BEGIN RAW DATA
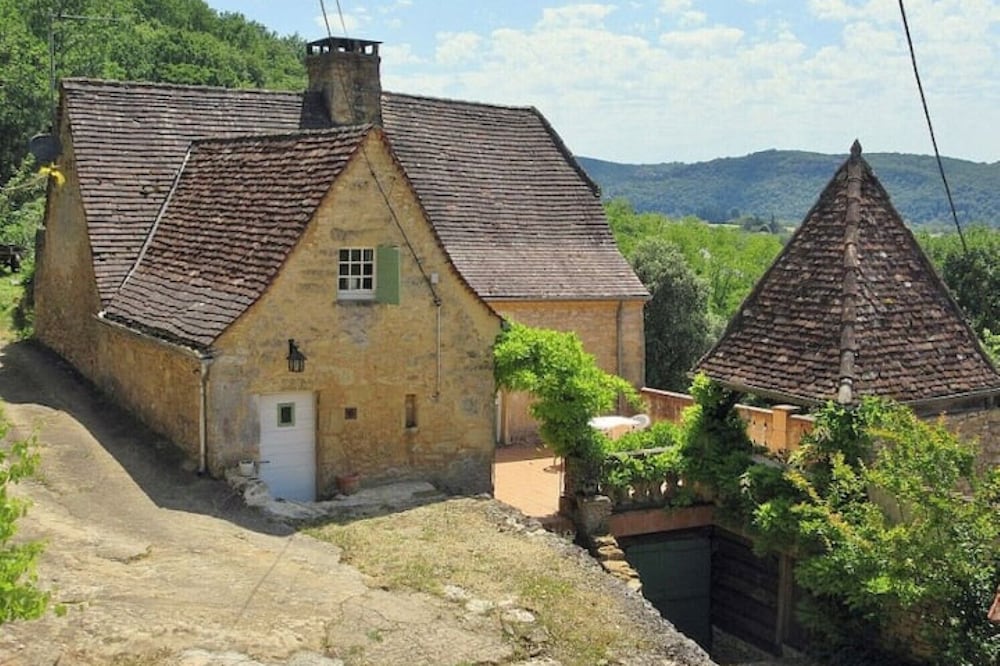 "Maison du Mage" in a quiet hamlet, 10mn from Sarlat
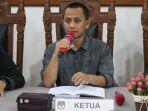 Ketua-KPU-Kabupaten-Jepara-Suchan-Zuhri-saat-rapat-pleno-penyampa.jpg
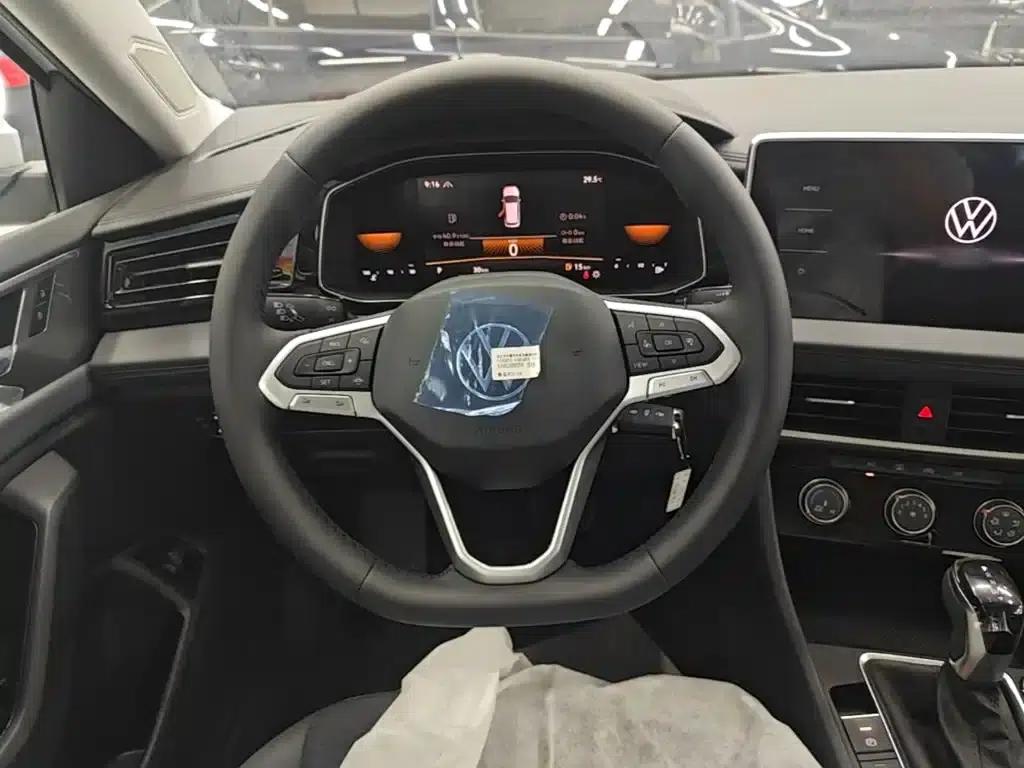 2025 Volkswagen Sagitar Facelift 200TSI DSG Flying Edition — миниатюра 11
END RAW DATA
EXERCISE INSTRUCTIONS: Repeat verbatim all the material, but not the pictures.

EXERCISE RESULT:
 "Maison du Mage" in a quiet hamlet, 10mn from Sarlat
 Ketua-KPU-Kabupaten-Jepara-Suchan-Zuhri-saat-rapat-pleno-penyampa.jpg
 2025 Volkswagen Sagitar Facelift 200TSI DSG Flying Edition — миниатюра 11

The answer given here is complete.